CREATE TABLE dbo.tbl ( ColA INT NOT NULL, ColB CHAR(1) NOT NULL, RowNumber INT NOT NULL, CONSTRAINT pk_tbl PRIMARY KEY CLUSTERED(ColA,RowNumber) -- POC Index ); INSERT dbo.tbl(ColA,ColB,RowNumber) SELECT ColA, ColB, RowNumber FROM (VALUES (100,'X',1), (100,'Y',2), (200,'K',1), (200,'L',2), (200,'M',3)) AS f(ColA,ColB,RowNumber);

String Aggregator rCTE - iTVF:
CREATE FUNCTION dbo.STRING_AGG_rCTE (@colA INT) RETURNS TABLE WITH SCHEMABINDING AS RETURN WITH X AS ( SELECT ColB = CAST(t.ColB AS VARCHAR(8000)), t.RowNumber FROM dbo.tbl AS t WHERE t.ColA = @colA AND t.RowNumber = 1 UNION ALL SELECT x.ColB+','+CAST(t.ColB AS VARCHAR(8000)), t.RowNumber FROM X JOIN dbo.tbl AS t ON x.RowNumber+1 = t.RowNumber WHERE t.ColA = @colA ) SELECT newString = MAX(colB) FROM X;

Solution:
SELECT u.ColA, f.newString FROM ( SELECT t.ColA FROM dbo.tbl AS t GROUP BY t.ColA ) AS u CROSS APPLY dbo.STRING_AGG_rCTE(u.ColA) AS f;

Results:

"I cant stress enough the importance of switching from a sequential files mindset to set-based thinking.
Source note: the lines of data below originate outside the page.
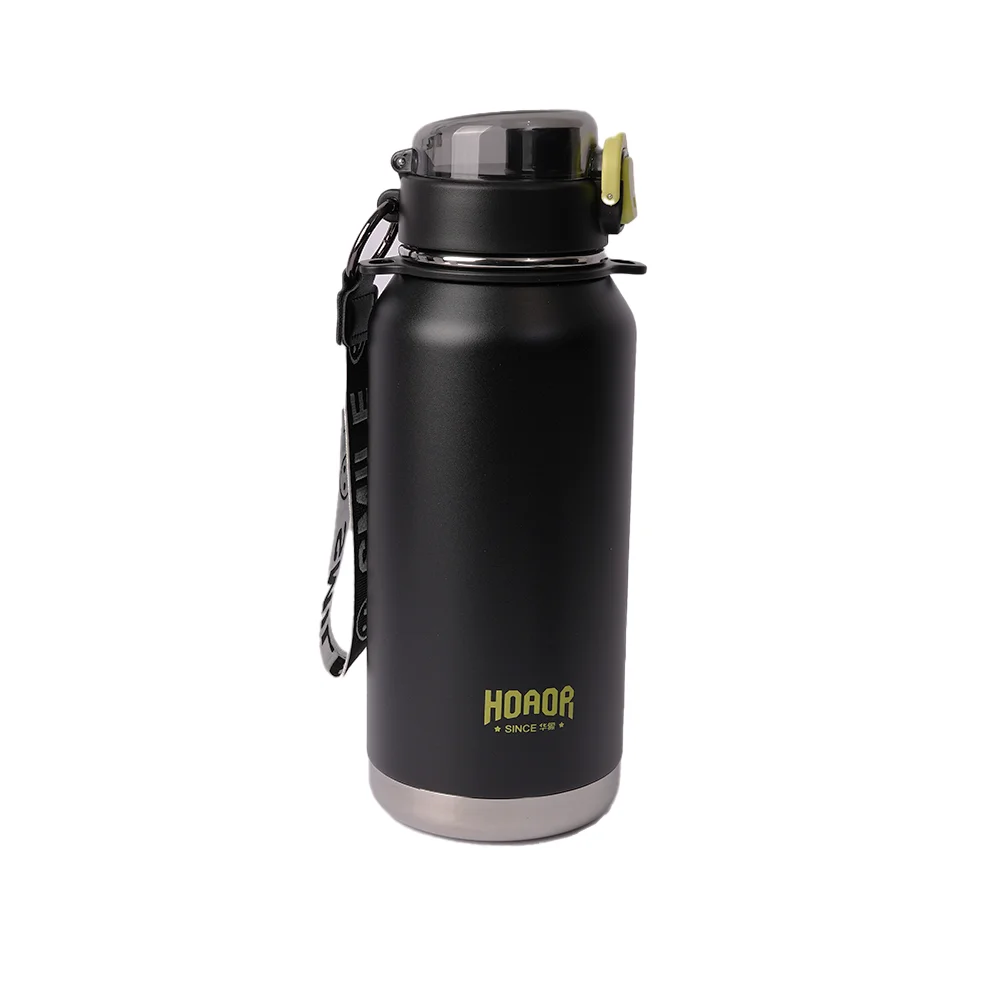 Vacuum Flask Huaxiang 316 1100ML BLACK HX7062-8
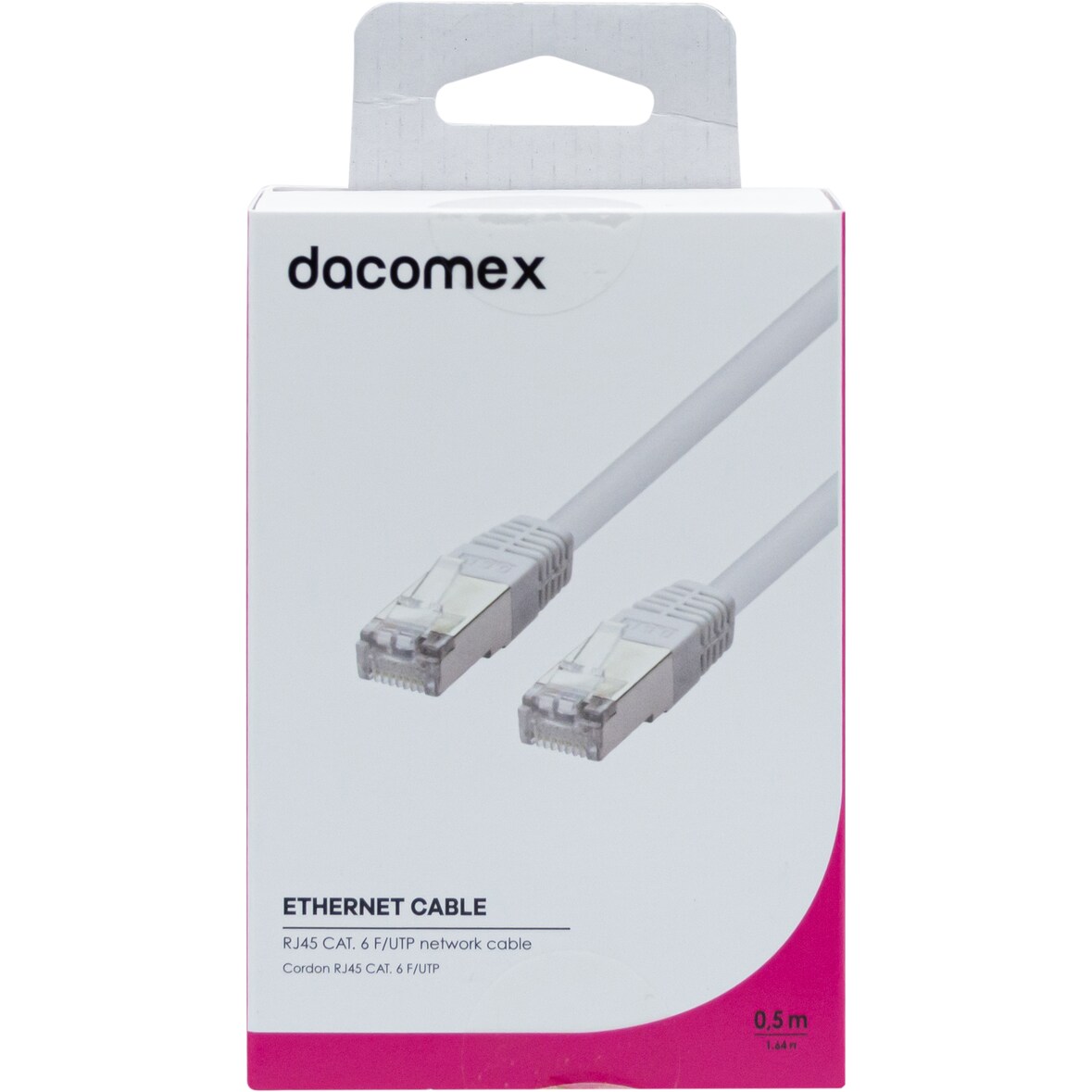 DACOMEX GENERIQUE cordon RJ45 CAT. 6 F/UTP blanc - 0,5 m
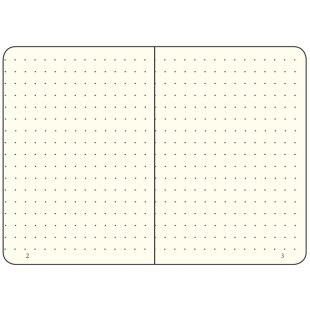 Блокнот непромокаемый в точку Leuchtturm1917 "Outlines" B6, 44л, 150гр/м², мягкая обложка, Зелёно-голубой (363020)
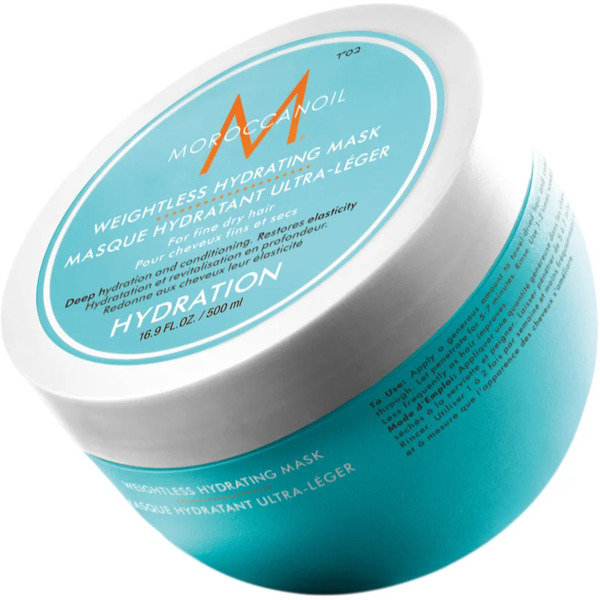  Moroccanoil Hydration Weightless Hydrating Mask Deeply Moisturising Mask For Dry And Brittle Hair 500 Ml 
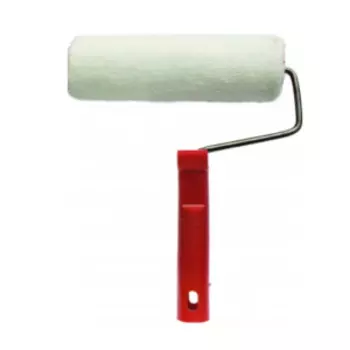 валик в сборе с ручкой,велюр 6*47*100мм, клееный, ворс 2 мм 888,д/красок на в/д основе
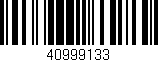 Código de barras (EAN, GTIN, SKU, ISBN): '40999133'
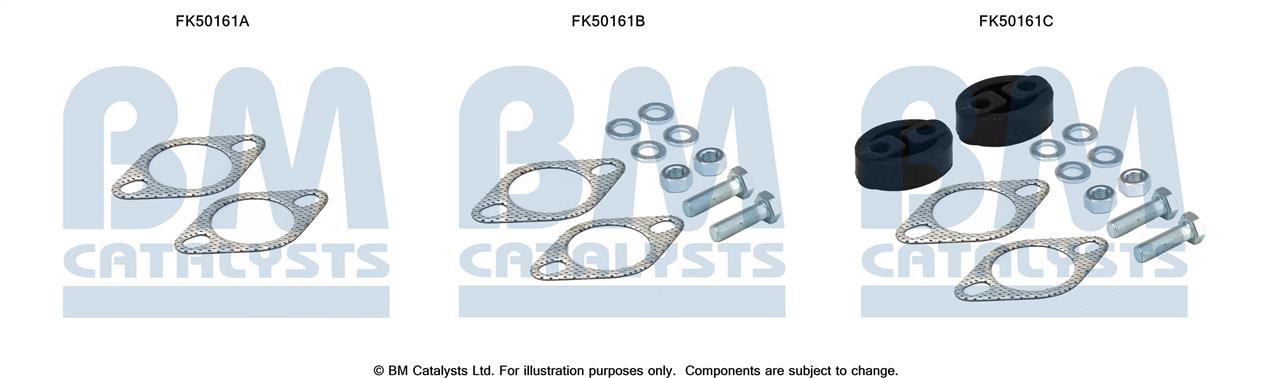 BM Catalysts FK50161 Mounting kit for exhaust system FK50161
After you make the switch, you can spend your time tuning and optimizing your queries instead of maintaining lengthy, poor-performing code."

-- Itzik Ben-Gan 2001

Lynn Pettis SSC Guru Points: 442470 More actions · Answer 7

Jonathan AC Roberts - Tuesday, October 23, 2018 5:14 PM
etl2016 - Tuesday, October 23, 2018 1:52 PM
many thanks for the replies.
The limitations I have is the DB I am working on (the Parallel Data Warehouse), which does not support XML PATH or Cursor. However, it does support Window functions such as LAG. Is there an alternate way to the XML PATH approach?
thank you
DROP TABLE myTable GO DROP TABLE myResults GO CREATE TABLE myTable(ColA int,ColB char(1),RowNumber int);
INSERT INTO myTable SELECT * FROM (VALUES (100,'X',1),(100,'Y',2),(200,'K',1),(200,'L',2),(200,'M',3)) T(ColA,ColB,RowNumber)
CREATE TABLE myResults(ColA int,ColBs varchar(100))
DECLARE myCursor cursor FOR SELECT DISTINCT ColA FROM myTable DECLARE @ColA int DECLARE @ColBs varchar(100) OPEN myCursor FETCH NEXT FROM myCursor INTO @ColA WHILE @@FETCH_STATUS = 0 BEGIN SET @ColBs='' SELECT @ColBs = @ColBs + ColB + ',' FROM myTable WHERE ColA = @ColA ORDER BY RowNumber SELECT @ColBs=LEFT(@ColBs,LEN(@ColBs)-1) INSERT INTO myResults(ColA, ColBs) VALUES (@ColA, @ColBs) FETCH NEXT FROM myCursor INTO @ColA END CLOSE myCursor DEALLOCATE myCursor
SELECT * FROM myTable SELECT * FROM myResults

And the OP said they couldn't use a cursor.